For the remainder of this discussion, we use the following notation to denote the restriction of a system response to its first L time steps:

$$\begin{aligned} {\varvec{\Phi }}_{x}(1:L) = \sum _{t=1}^L \frac{1}{z^t}\Phi _x(t), \ {\varvec{\Phi }}_{u}(1:L) = \sum _{t=1}^L \frac{1}{z^t}\Phi _u(t). \end{aligned}$$

(48)

To prove Theorem 4, we must relate the optimal controller $K_\star $ with the optimal solution of the optimization problem (42). In the next lemma, we use $K_\star $ to construct a feasible solution for problem (42). As before, we denote $\zeta = (\epsilon _A + \epsilon _B ||K_\star ||_2) \Vert {\mathfrak {R}}_{A+ BK_\star } \Vert _{{\mathcal {H}}_\infty }$.

Lemma 9

Set $\alpha = 1/2$ in problem (42), and assume that $\epsilon _A + \epsilon _B \Vert K_\star \Vert _2 \le \frac{1 - \rho _\star }{2 C_\star }$, $\zeta < 1/5$, and

$$\begin{aligned} L \ge \frac{4 \log \left( \frac{C_\star }{\zeta } \right) }{1 - \rho _\star }. \end{aligned}$$

(49)

Then, optimization problem (42) is feasible, and the following is one such feasible solution:

$$\begin{aligned}&\widetilde{{\varvec{\Phi }}}_x = {\mathfrak {R}}_{{\widehat{A}}+{\widehat{B}}K_\star }(1:L),~~ \widetilde{{\varvec{\Phi }}}_u = K_\star {\mathfrak {R}}_{{\widehat{A}}+{\widehat{B}}K_\star }(1:L),\nonumber \\&{\widetilde{V}}= - {\mathfrak {R}}_{{\widehat{A}}+{\widehat{B}}K_\star }(L+1),~~{{\tilde{\gamma }}} = \frac{4 \zeta }{1 - \zeta }. \end{aligned}$$

(50)

Proof

From Lemma 8 and the assumption on $\zeta $, we have that $||({\widehat{A}}+ {\widehat{B}}K_\star )^t ||_2 \le C_\star \left( \frac{1 + \rho _\star }{2} \right) ^t$ for all $t \ge 0$. In particular, since ${\mathfrak {R}}_{{\widehat{A}}+ {\widehat{B}}K_\star } (L + 1) = ({\widehat{A}}+ {\widehat{B}}K_\star )^{L} $, we have $||{{\widetilde{V}}} || = ||({\widehat{A}}+ {\widehat{B}}K_\star )^L || \le C_\star \left( \frac{1 + \rho _\star }{2} \right) ^L \le \zeta $. The last inequality is true because we assumed L is sufficiently large.

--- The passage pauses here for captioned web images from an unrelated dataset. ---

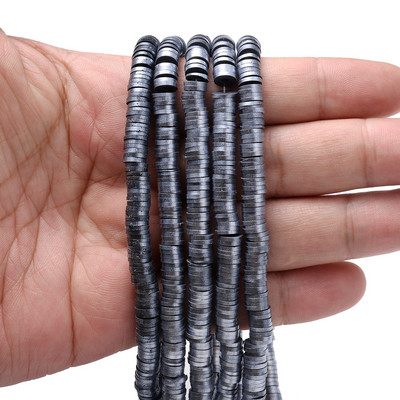 350 komada 6 mm višebojnih odstojnih perli od polimerske gline, ravne okrugle labave odstojne perle za izradu nakita, DIY narukvica, ogrlica, veleprodaja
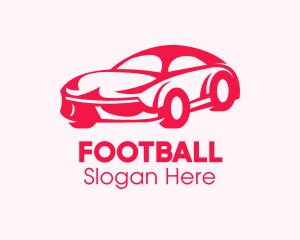 Supercar - Red Sports Car logo design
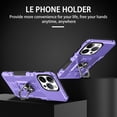 thumbnail image 2 of Allytechgroup for iPhone 16 Pro Case with Stand, [Built-in Kickstand] Support Magnetic Car Phone Mount Military Grade Drop Protection Rugged Heavy Duty Durable Cover Case for Women Men, Purple, 2 of 10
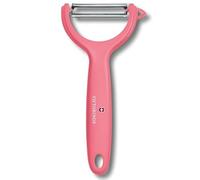 Victorinox, Limpiador de tomate y kiwizer, hoja extra afilada, con borde dentado, doble filo, mango de plástico resistente, rojo claro, fabricado en Suiza, apto para lavavajillas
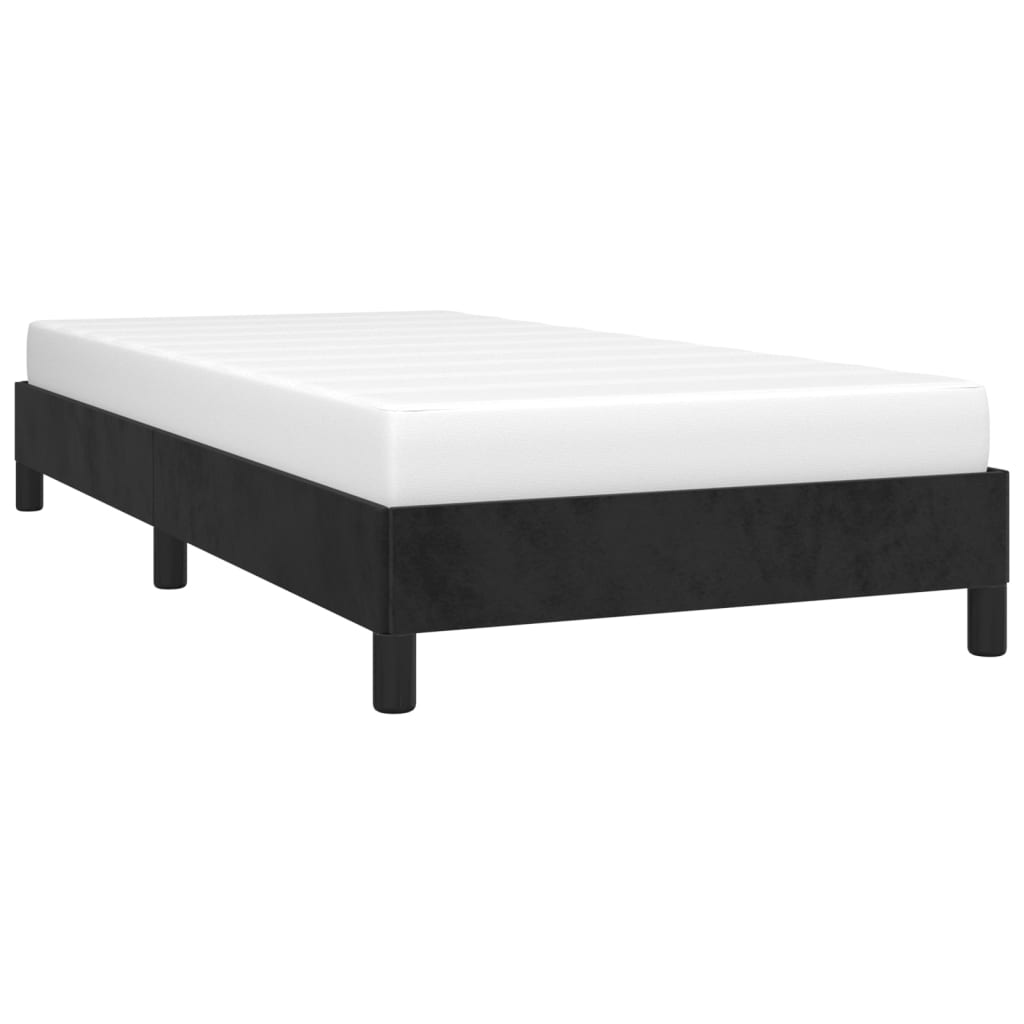 Cadru de pat, negru, 90x190 cm, catifea - Lando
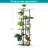 Stepped multi-tiered flower rack Brown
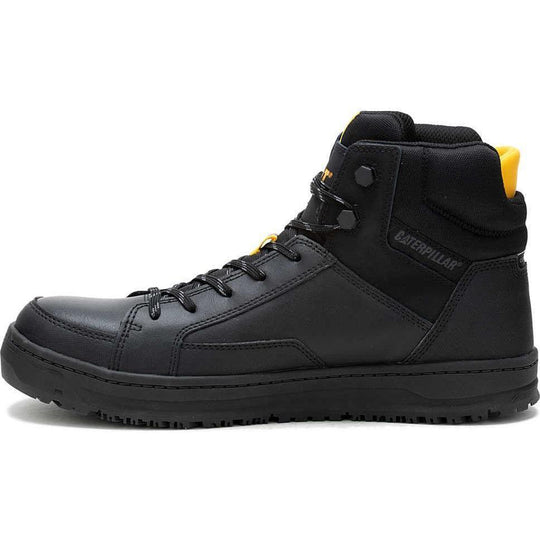 Cat Men's Streamline Court Mid Comp Toe Work Shoe - Black - P91521 - Overlook Boots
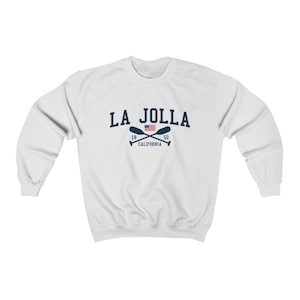 La Jolla California Unisex Pullover Sweatshirt La Jolla Crewneck
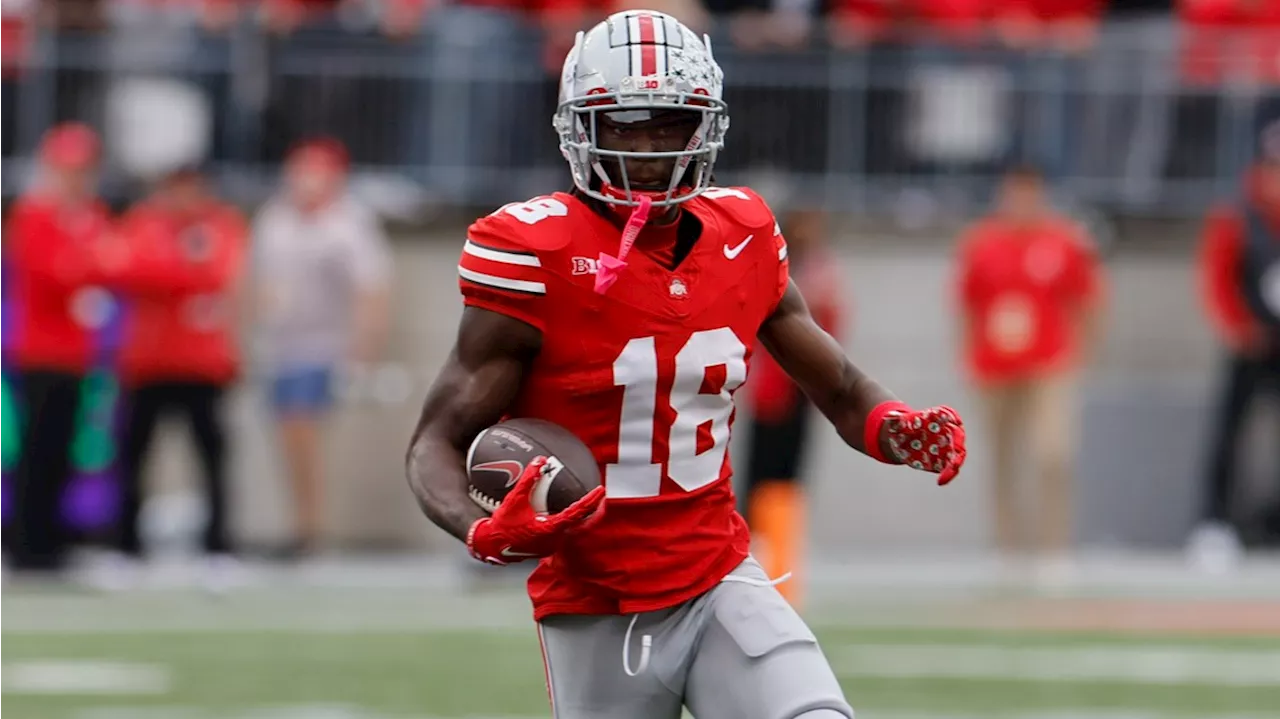 Ohio State WR Marvin Harrison Jr. named Big Ten co-offensive player of the week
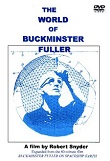 'World of Buckminster Fuller' documentary film by Robert Snyder - blue/white cover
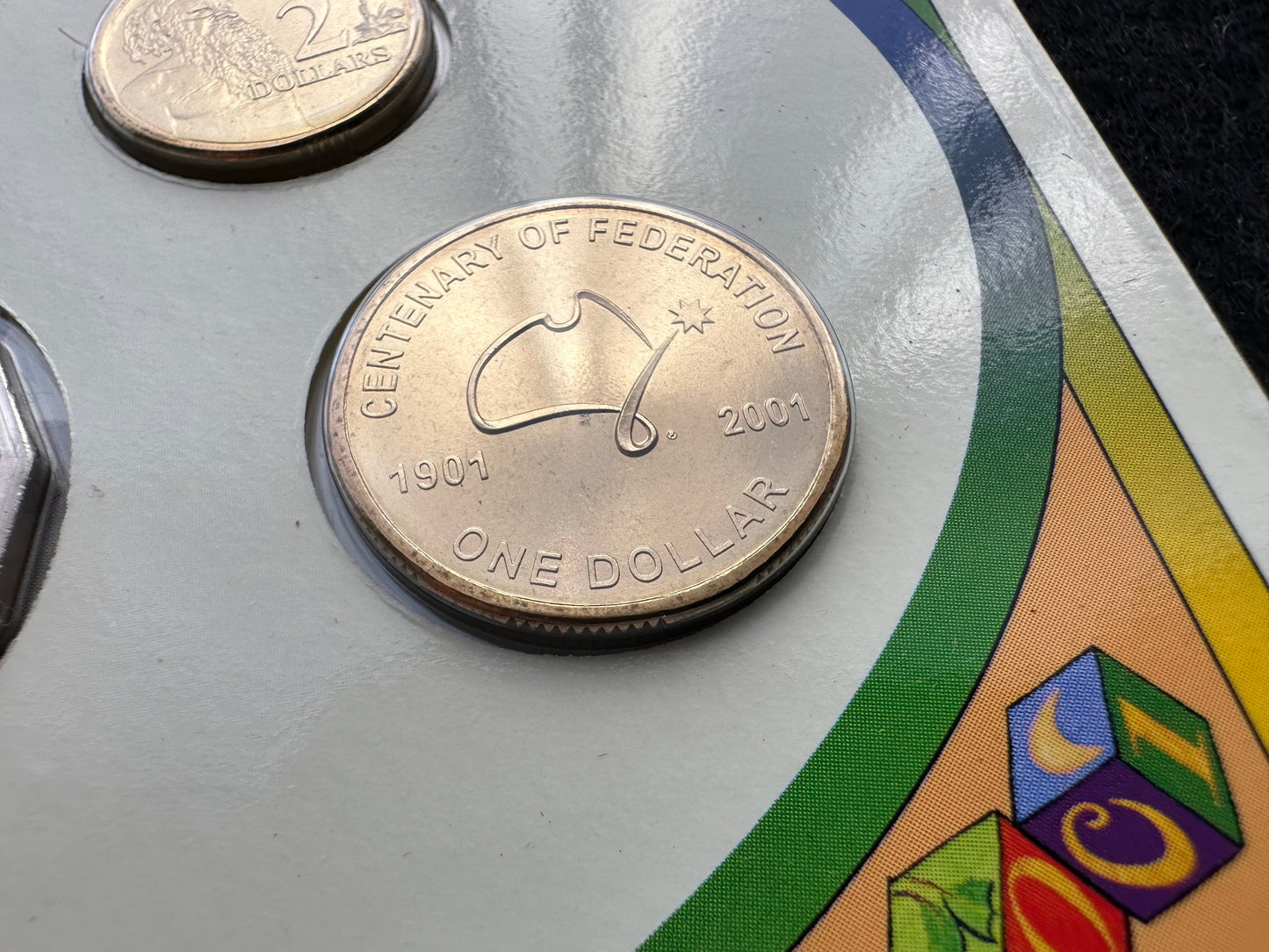 2001 Royal Australian Mint Baby Coin Year Set Uncirculated Six Coins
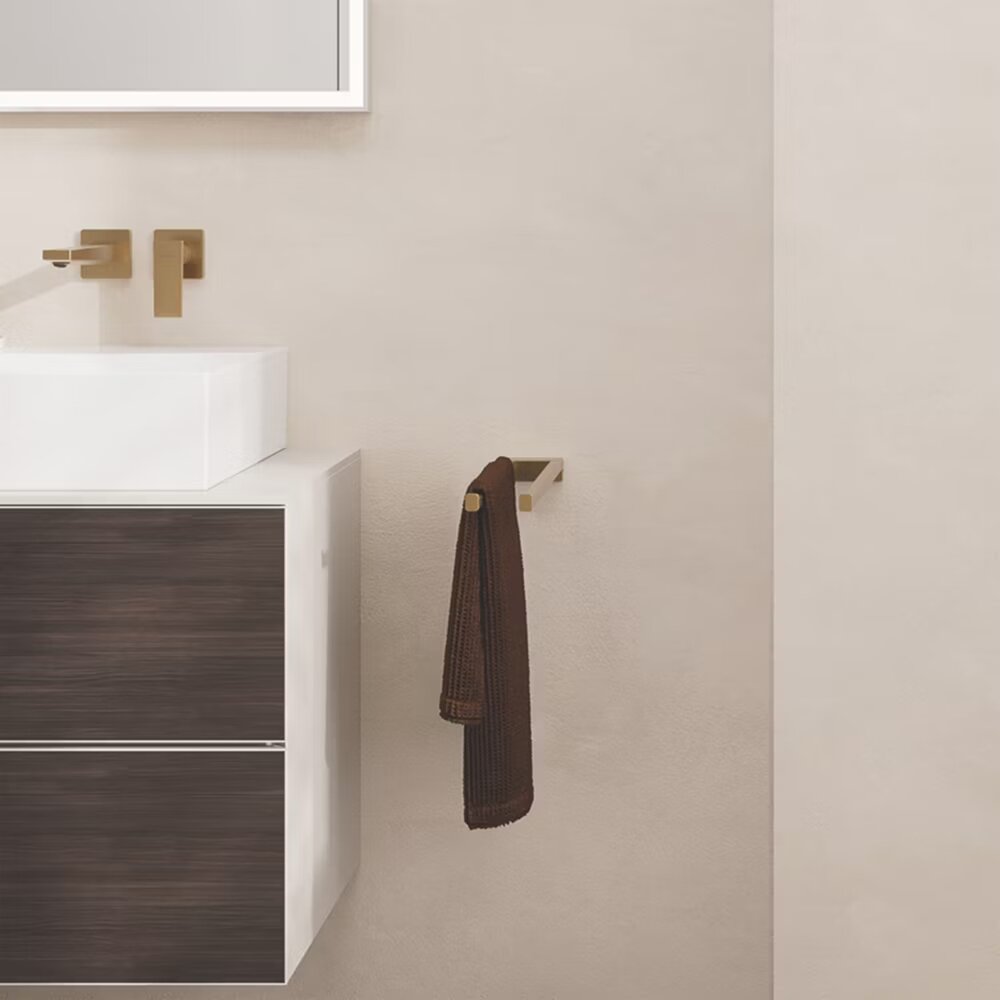 Двоен държач за хавлии Hansgrohe AddStoris 45 cm бронз перiat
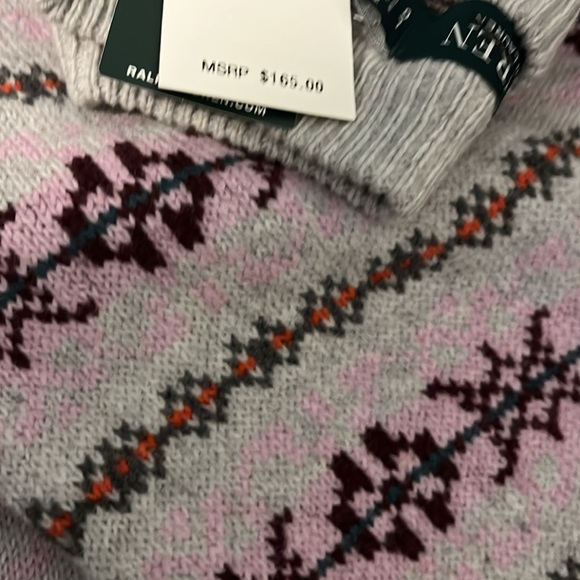 Ralph Lauren Fair Isle Sweater BNWT - Picture 6 of 8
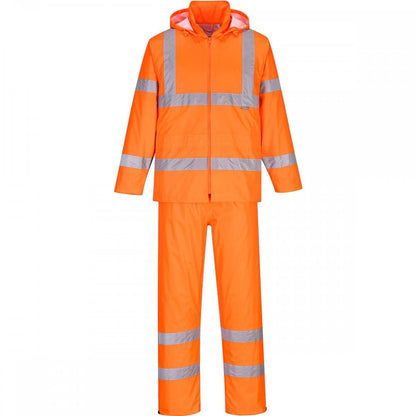 H448 Hi -Vis Packaway Rainsuit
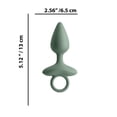 thumbnail image 5 of NS Novelties Renegade Orion Rechargeable Silicone Vibrating Anal Plug, Green, 5 of 5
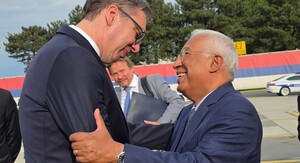 Aleksandar Vučić i Antonio Costa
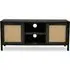 Salta TV Stand with 2 Doors - Black, Pine Wood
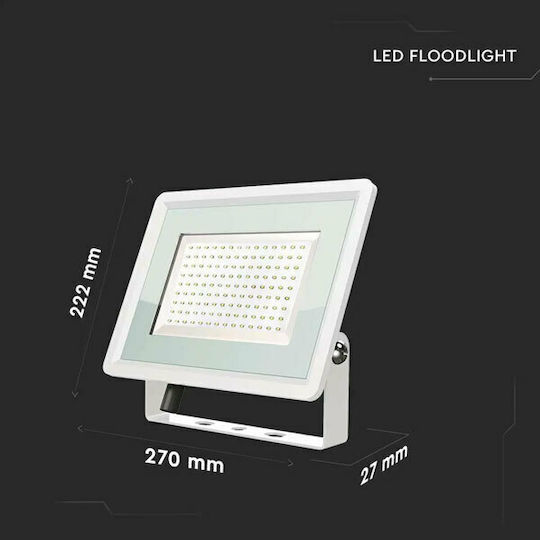 V-TAC Waterproof LED Floodlight 100W Cold White 6500K IP65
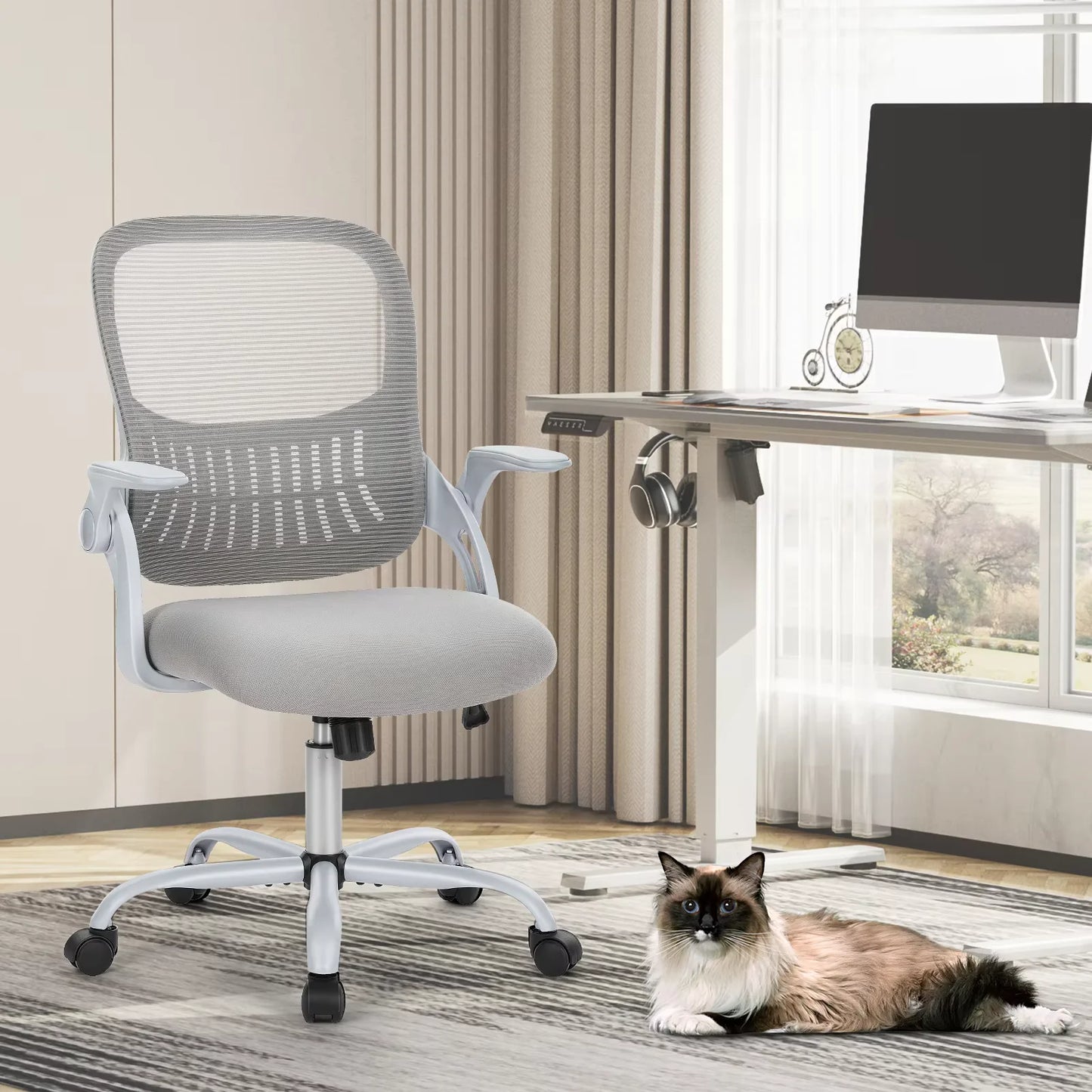 JHK Ergonomic Mesh Backrest Office Chair | Adjustable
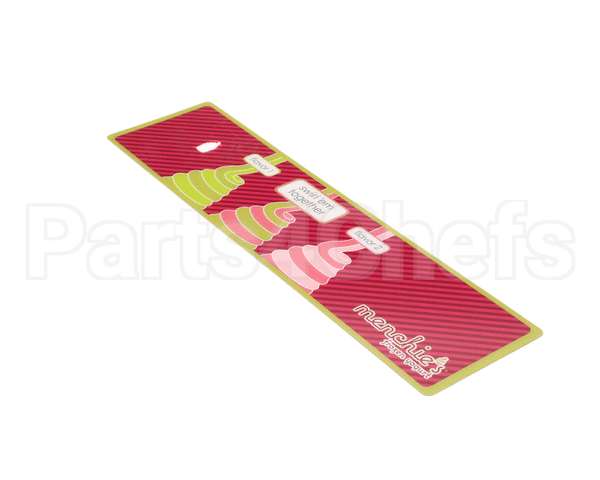 324920 Stoelting Decal; Display Cover Menchies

Once again, since ${\mathfrak {R}}_{{\widehat{A}}+ {\widehat{B}}K_\star } (L + 1) = ({\widehat{A}}+ {\widehat{B}}K_\star )^{L} $, it can be easily seen that our choice of $\widetilde{{\varvec{\Phi }}}_x$, $\widetilde{{\varvec{\Phi }}}_u$, and ${{\widetilde{V}}}$ satisfy the linear constraint of problem (42). It remains to prove that

$$\begin{aligned} \sqrt{2}\left\| \begin{bmatrix}{\epsilon _A}{{\varvec{\Phi }}_x}\\ {\epsilon _B}{{\varvec{\Phi }}_u}\end{bmatrix} \right\| _{{\mathcal {H}}_\infty } + ||{{\widetilde{V}}} ||_{2} \le {\tilde{\gamma }} < 1. \end{aligned}$$

The second inequality holds because of our assumption on $\zeta $. We already know that $ ||{{\widetilde{V}}} ||_{2} \le \zeta $. Now, we bound:

$$\begin{aligned} \left\| \begin{bmatrix}{\epsilon _A}{\widetilde{{\varvec{\Phi }}}_x}\\ {\epsilon _B}{ \widetilde{{\varvec{\Phi }}}_u}\end{bmatrix} \right\| _{{\mathcal {H}}_\infty }&\le (\epsilon _A +\epsilon _B||K_\star ||_{2})\Vert {\mathfrak {R}}_{{\widehat{A}}+ {\widehat{B}}K_\star }(1:L) \Vert _{{\mathcal {H}}_\infty } \\&\le (\epsilon _A +\epsilon _B ||K_\star ||_{2})(\Vert {\mathfrak {R}}_{{\widehat{A}}+ {\widehat{B}}K_\star } \Vert _{{\mathcal {H}}_\infty } + \Vert {\mathfrak {R}}_{{\widehat{A}}+ {\widehat{B}}K_\star } (L + 1 : \infty ) \Vert _{{\mathcal {H}}_\infty }). \end{aligned}$$

These inequalities follow from the definition of $(\widetilde{{\varvec{\Phi }}}_x, \widetilde{{\varvec{\Phi }}}_u)$ and the triangle inequality.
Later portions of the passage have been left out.